*What you will do*
Look through the entries below and show every line containing the word "mech".

*Task inputs*
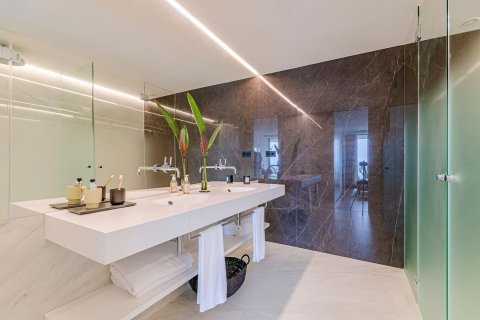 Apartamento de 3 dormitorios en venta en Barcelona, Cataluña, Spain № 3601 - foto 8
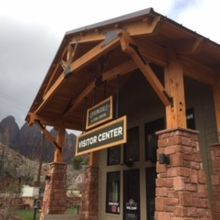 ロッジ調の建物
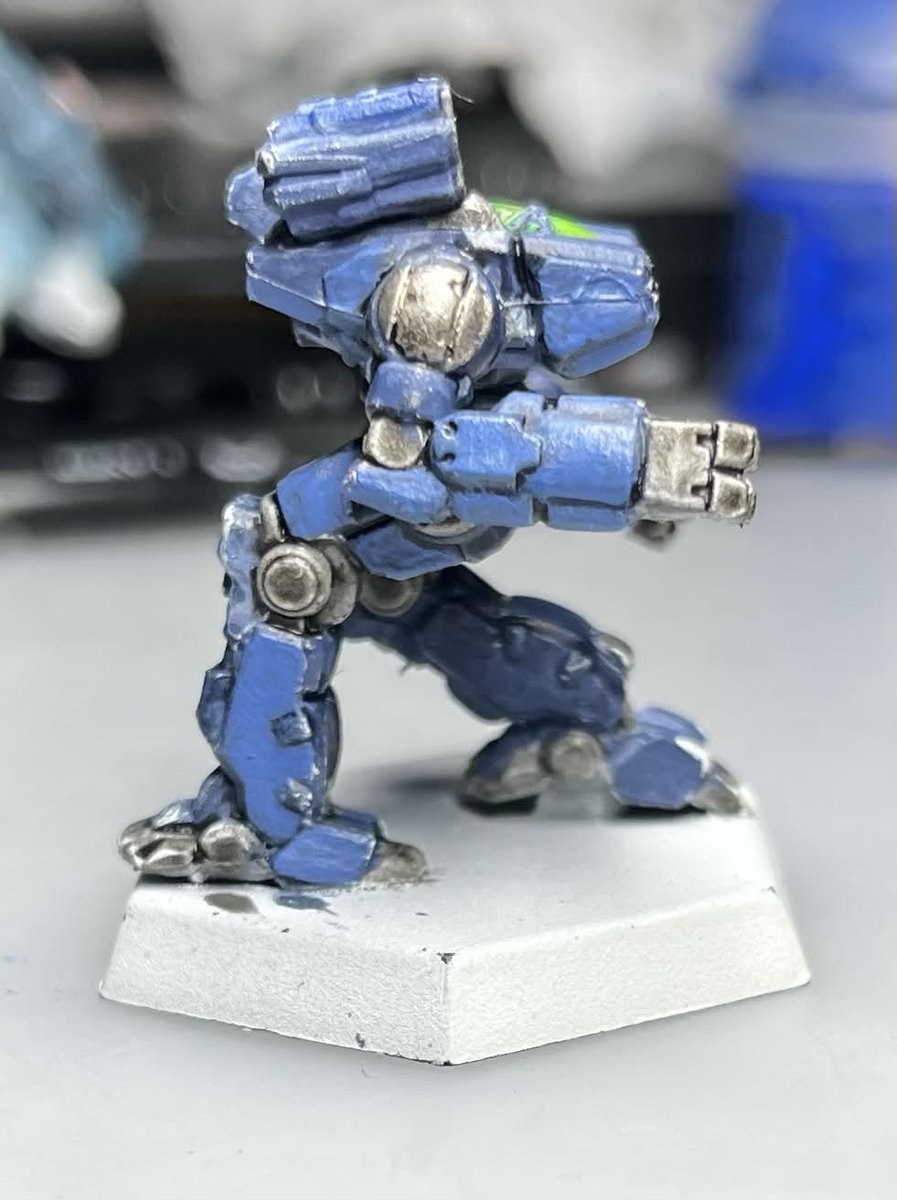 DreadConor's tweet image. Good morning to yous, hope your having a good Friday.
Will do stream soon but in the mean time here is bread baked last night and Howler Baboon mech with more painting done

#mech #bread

*Output for this exercise*
Will do stream soon but in the mean time here is bread baked last night and Howler Baboon mech with more painting done
#mech #bread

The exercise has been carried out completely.